WHAT IS REQUIRED.
Omit the pictures, then reproduce exactly the line bearing "Седан Tesla Model 3 2021 в Луцьку" and every line after it up to and including the last line of the entries below.

RECORDED INFORMATION.
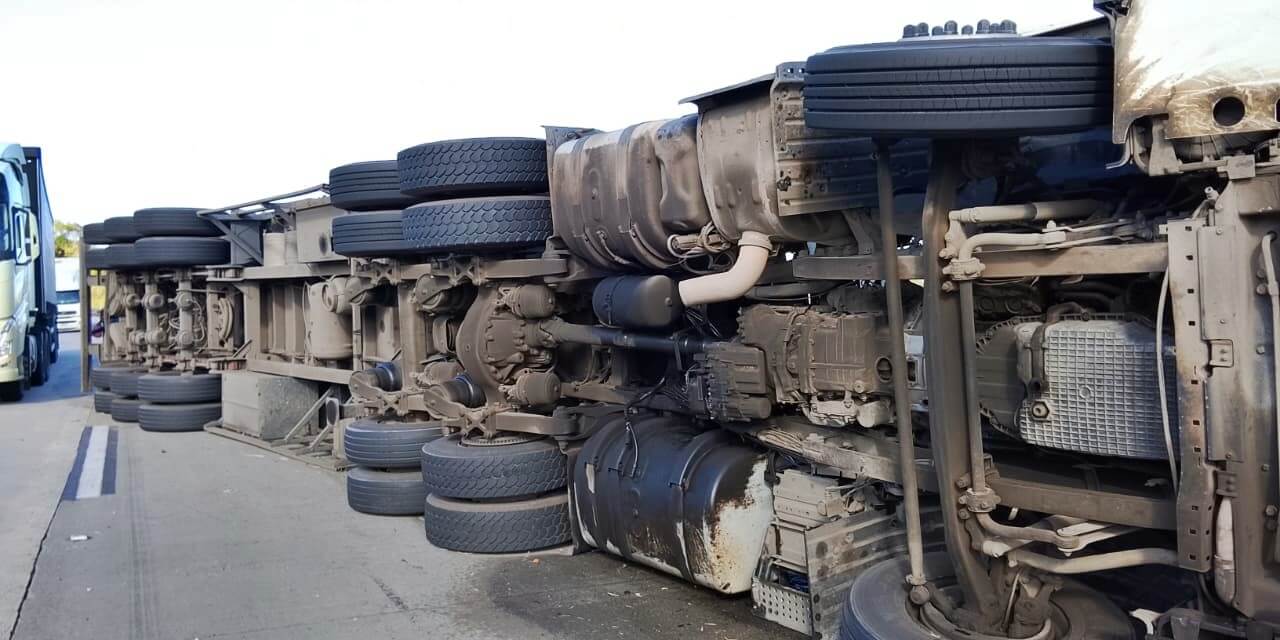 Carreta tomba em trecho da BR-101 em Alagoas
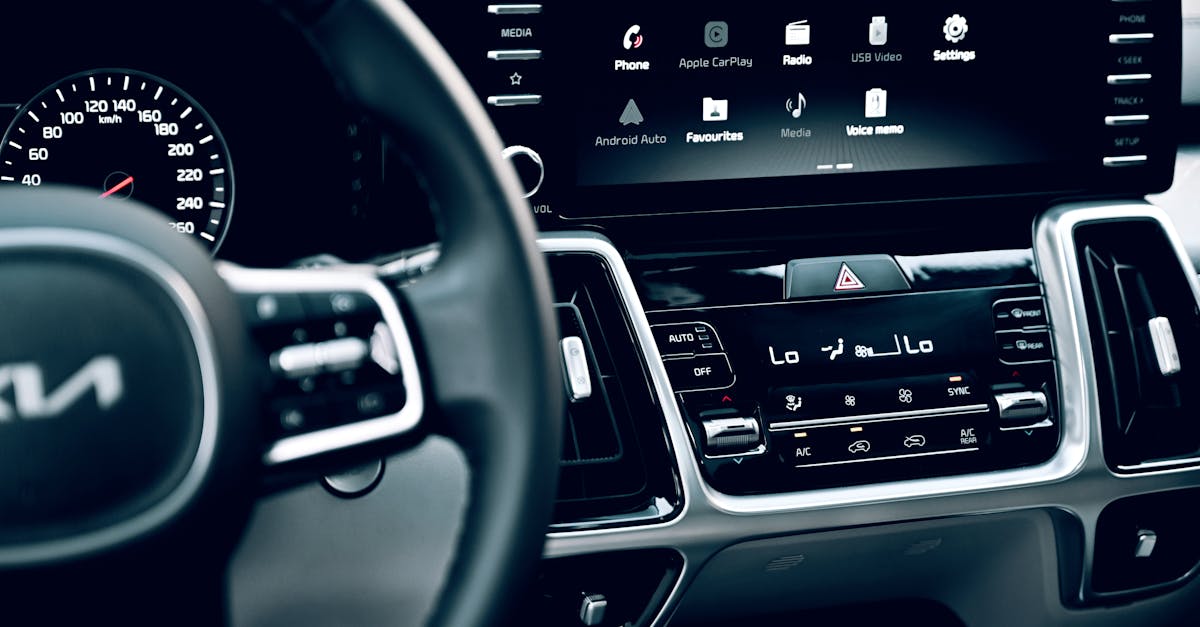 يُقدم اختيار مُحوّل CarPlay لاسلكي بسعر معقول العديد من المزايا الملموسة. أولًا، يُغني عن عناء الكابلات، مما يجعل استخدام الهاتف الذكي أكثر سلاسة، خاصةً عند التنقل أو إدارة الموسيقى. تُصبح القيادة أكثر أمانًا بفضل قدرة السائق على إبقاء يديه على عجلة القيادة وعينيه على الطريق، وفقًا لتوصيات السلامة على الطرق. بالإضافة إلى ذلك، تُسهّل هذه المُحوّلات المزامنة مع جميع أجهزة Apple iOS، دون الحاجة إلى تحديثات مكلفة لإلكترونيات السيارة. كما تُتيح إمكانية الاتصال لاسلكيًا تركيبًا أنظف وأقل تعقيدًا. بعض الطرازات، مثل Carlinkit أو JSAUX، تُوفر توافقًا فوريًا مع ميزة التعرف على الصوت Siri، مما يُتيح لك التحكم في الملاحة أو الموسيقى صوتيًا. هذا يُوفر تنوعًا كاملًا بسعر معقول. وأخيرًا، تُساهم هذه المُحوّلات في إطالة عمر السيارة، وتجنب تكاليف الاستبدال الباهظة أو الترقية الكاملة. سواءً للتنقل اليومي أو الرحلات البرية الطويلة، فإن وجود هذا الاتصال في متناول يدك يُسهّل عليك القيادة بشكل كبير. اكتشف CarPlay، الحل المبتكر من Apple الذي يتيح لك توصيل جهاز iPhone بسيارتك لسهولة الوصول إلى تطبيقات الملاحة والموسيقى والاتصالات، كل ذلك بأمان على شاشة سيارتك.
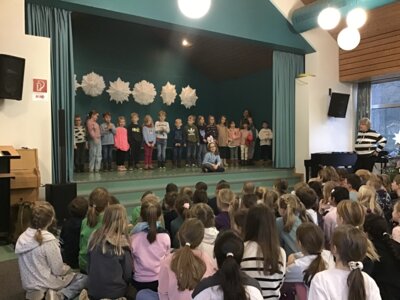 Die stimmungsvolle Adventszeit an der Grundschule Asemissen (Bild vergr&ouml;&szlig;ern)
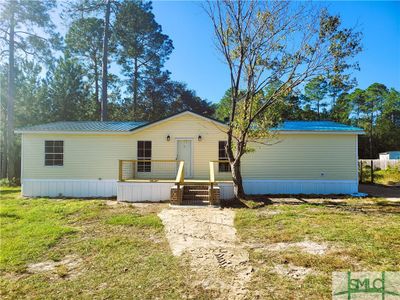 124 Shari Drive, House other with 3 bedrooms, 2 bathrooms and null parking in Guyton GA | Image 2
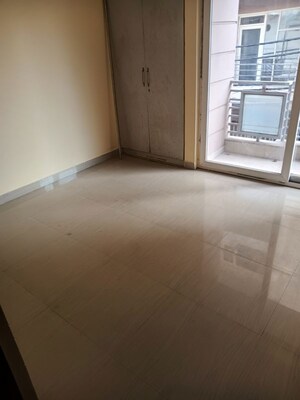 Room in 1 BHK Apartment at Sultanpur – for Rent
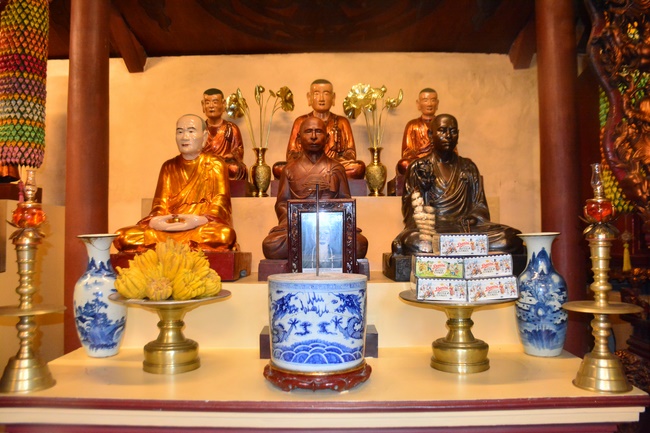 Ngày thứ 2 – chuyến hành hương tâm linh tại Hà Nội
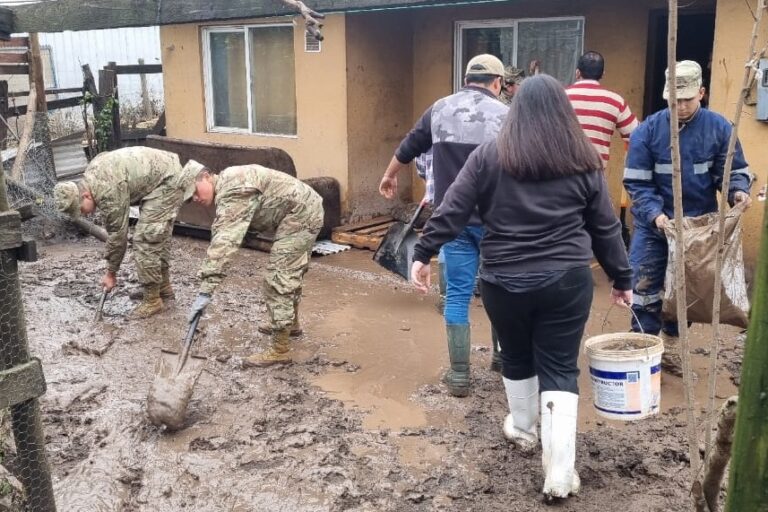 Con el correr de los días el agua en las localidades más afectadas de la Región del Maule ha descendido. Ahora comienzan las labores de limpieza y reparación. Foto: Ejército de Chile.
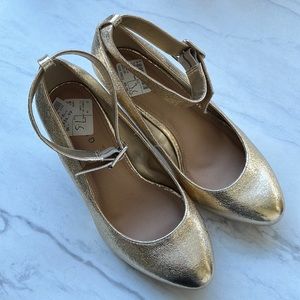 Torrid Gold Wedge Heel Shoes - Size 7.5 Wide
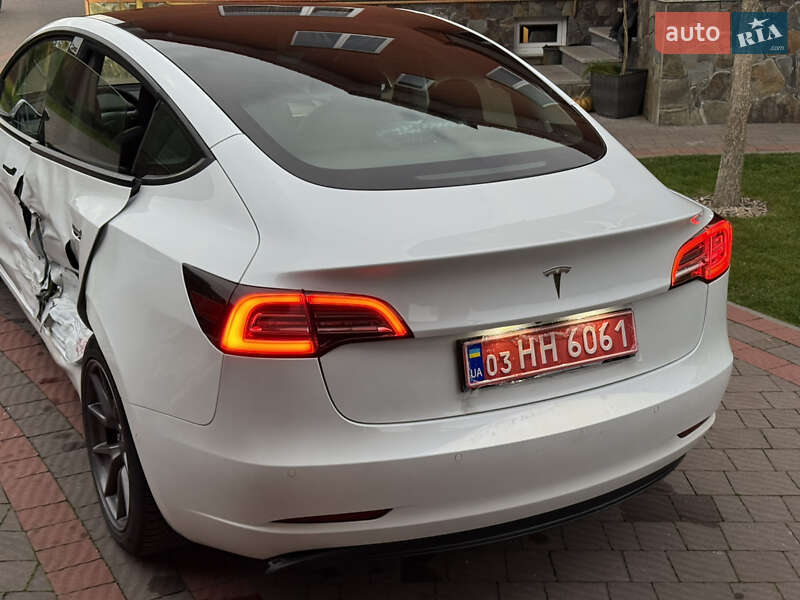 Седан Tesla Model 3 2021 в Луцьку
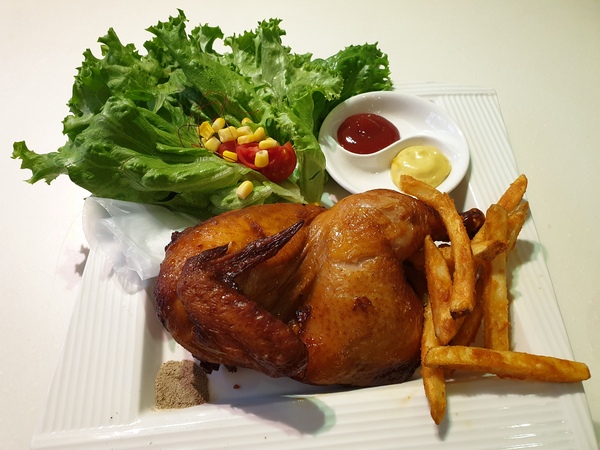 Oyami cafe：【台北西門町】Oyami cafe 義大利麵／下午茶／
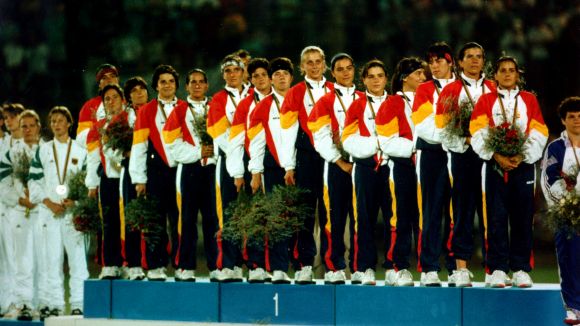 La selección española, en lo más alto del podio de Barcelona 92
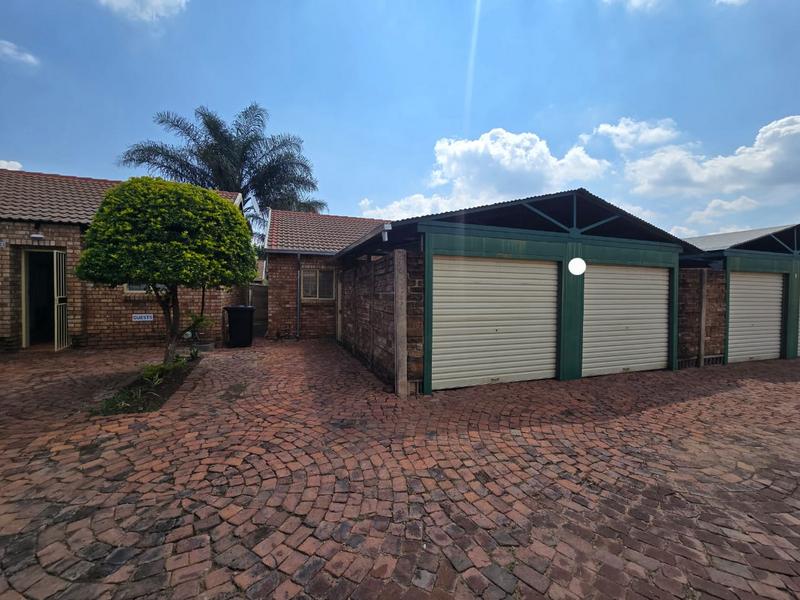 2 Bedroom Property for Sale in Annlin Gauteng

ANSWER TO THIS TASK.
 Седан Tesla Model 3 2021 в Луцьку
 Oyami cafe：【台北西門町】Oyami cafe 義大利麵／下午茶／
 La selección española, en lo más alto del podio de Barcelona 92
 2 Bedroom Property for Sale in Annlin Gauteng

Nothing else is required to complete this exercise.